Version 1.0 - Updated on Aug 21, 2012.

This is a C++/matlab implementation of the Multi-Index Hashing (MIH) algorithm [1] for fast exact nearest neighbor search in Hamming distance on binary codes. By using this code, one can reproduce most of the results explained in the paper on 1 billion and 80 million datasets. This implementation improves the storage efficiency of our previous implementation described in the paper by utilizing sparse hash tables.

You can download the latest version of our code from github.com/norouzi/mih.

Reference

[1] An extended version of the conference paper, arxiv.org/abs/1307.2982

[2] Fast Search in Hamming Space with Multi-Index Hashing, Mohammad Norouzi, Ali Punjani, David Fleet,
IEEE Computer Vision and Pattern Recognition (CVPR), 2012. [pdf]

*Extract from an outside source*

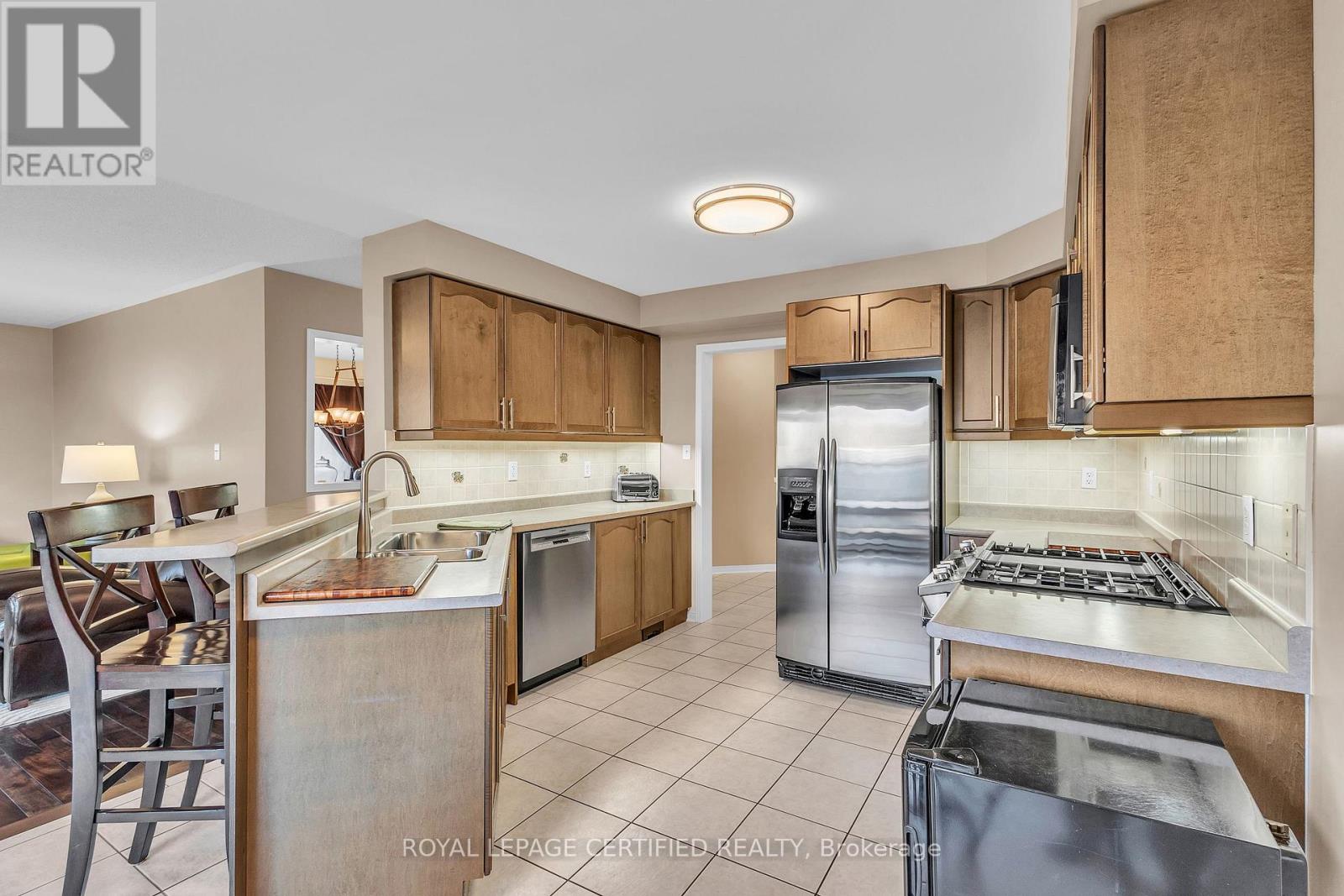 363 Edenbrook Hill Drive, Brampton (Fletcher's Meadow), Ontario  L7A 2N4 - Photo 11 - W12496386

Abstract: There has been growing interest in mapping image data onto compact binary codes for fast near neighbor search in vision applications. Although binary codes are motivated by their use as direct indices (addresses) into a hash table, codes longer than 32 bits are not being used in this way, as it was thought to be ineffective. We introduce a rigorous way to build multiple hash tables on binary code substrings that enables exact K-nearest neighbor search in Hamming space. The algorithm is straightforward to implement, storage efficient, and it has sub-linear run-time behavior for uniformly distributed codes. Empirical results show dramatic speed-ups over a linear scan baseline and for datasets with up to one billion items, 64- or 128-bit codes, and search radii up to 25 bits.